Romans 6:7: "For he who has died is justified from sin." If a man wants to be delivered from sin, the only way is for him to die. He who has died is freed from sin; it is no longer possible for him to sin.

I know a friend who had an insatiable appetite for card games. Day and night he was obsessed by them. When he could not find partners for a game, he felt tormented beyond measure. Even when he did not have cards in his hands, he would feel better just looking at them. His whole life was governed by cards. However, he is dead now. After he died, he no longer loved cards. Even if you stuffed cards into his hands, he would not take them anymore. Death has delivered him from his cards.

Consider another example of a very arrogant person. He boasts of everything about himself. There is no way to remove or suppress his pride. One day he dies. If the whole world gathered around him to eulogize and extol his glorious deeds, what would he do? Would he still be proud of himself?

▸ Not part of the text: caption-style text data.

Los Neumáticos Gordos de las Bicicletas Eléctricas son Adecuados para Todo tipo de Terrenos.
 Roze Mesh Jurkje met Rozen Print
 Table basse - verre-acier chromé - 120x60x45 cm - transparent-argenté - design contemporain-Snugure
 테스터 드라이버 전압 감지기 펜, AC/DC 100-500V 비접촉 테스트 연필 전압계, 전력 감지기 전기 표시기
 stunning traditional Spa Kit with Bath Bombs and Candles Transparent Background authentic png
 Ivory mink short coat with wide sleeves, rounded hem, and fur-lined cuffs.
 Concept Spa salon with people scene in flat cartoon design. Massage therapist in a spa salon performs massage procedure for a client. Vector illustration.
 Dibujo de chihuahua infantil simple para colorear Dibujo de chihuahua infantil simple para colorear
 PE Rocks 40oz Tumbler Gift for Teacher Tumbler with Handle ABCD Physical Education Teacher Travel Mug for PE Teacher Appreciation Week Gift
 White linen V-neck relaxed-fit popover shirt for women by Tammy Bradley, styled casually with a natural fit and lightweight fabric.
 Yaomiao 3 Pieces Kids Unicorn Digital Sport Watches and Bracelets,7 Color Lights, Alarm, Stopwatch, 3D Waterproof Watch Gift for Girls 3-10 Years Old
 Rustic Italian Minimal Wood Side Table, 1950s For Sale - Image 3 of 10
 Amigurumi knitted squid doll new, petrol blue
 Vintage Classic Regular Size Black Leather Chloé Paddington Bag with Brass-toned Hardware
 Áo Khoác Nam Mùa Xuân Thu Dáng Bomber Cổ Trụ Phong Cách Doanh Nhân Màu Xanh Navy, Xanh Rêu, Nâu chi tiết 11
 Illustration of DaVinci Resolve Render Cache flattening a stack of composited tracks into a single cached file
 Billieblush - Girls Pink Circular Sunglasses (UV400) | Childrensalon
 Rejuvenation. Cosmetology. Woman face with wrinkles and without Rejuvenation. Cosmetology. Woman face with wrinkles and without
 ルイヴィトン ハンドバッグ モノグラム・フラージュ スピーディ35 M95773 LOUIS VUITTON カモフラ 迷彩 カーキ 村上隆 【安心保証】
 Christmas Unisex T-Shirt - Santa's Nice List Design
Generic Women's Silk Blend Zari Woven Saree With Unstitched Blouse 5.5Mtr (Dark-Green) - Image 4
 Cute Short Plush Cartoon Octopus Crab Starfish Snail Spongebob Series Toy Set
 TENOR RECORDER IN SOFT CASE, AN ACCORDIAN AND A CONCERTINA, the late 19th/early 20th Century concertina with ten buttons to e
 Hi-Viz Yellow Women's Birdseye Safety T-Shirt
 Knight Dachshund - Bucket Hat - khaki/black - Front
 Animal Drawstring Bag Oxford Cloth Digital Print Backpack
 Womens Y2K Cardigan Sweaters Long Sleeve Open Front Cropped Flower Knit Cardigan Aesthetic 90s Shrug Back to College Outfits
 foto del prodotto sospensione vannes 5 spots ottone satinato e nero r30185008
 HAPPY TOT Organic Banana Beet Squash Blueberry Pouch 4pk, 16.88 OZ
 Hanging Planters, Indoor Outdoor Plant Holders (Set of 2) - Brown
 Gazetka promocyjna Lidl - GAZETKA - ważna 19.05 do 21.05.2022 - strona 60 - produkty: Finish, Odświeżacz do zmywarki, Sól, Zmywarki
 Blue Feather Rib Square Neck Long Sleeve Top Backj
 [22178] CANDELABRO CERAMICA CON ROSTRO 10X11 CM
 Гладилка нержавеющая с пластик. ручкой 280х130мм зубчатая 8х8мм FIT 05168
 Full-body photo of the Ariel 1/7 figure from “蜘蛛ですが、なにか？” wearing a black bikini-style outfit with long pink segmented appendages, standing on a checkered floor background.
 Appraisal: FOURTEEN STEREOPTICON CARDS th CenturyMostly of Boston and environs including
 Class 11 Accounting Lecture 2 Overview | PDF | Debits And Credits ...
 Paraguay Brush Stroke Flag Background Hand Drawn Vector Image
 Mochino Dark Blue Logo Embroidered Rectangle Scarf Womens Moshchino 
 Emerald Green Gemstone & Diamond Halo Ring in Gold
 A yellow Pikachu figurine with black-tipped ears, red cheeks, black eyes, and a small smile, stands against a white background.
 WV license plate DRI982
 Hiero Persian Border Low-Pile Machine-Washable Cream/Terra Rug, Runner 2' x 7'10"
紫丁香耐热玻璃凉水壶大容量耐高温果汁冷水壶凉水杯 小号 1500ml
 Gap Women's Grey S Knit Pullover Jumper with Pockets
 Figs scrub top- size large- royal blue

God’s salvation for man is death! He who is dead is freed from sin. We have to see the verse that precedes the one we just read.

Romans 6:6: "Knowing this, that our old man has been crucified with Him in order that the body of sin might be annulled, that we should no longer serve sin as slaves." We have to take a closer look at this passage. The Greek word "annulled" has two meanings: one is unemployed; the other is paralyzed or crippled. The idea of unemployment is stronger in this passage. Hence, we can translate this as "that the body of sin might be unemployed."


There are three important agents in this passage. The first is sin, the second is the old man, and the third is the body. Sin is personified; it is a master. This sin does not refer to individual sins. Rather, it is a powerful lord that binds, entangles, and compels man to commit all of the particular sins. Man becomes the slave to sin, being subject to such a tyrant and carrying out all its dictates.

Under ordinary circumstances, man does not feel too much pressure from this master. But the minute he makes up his mind to overcome it, he will find that no matter how much energy he summons, he can never succeed in overturning its power. The more he tries to control his temper, the more he will lose it. Sin is the master. It forces man to submit.

The old man mentioned in the Bible is our own person. Deep in man there is a love for sin. When temptation comes, man rejoices to hear its call and gladly succumbs to its sway. It is true that sin is a powerful agent, but when it is met by the old man, the result is an instant collaboration.

In such a setting, the two go about searching for an instrument and discover the body. The body is thus employed. They will either tell the eyes to look, the ears to listen, or the hands to move. In this way the body executes the order dictated by sin and seconded by the old man. Sin is the director, the old man submits to its orders, and the body carries them out practically in the form of transgressions. These three are one. They agree with one another. The product of this collaboration is the multitude of sins that we commit.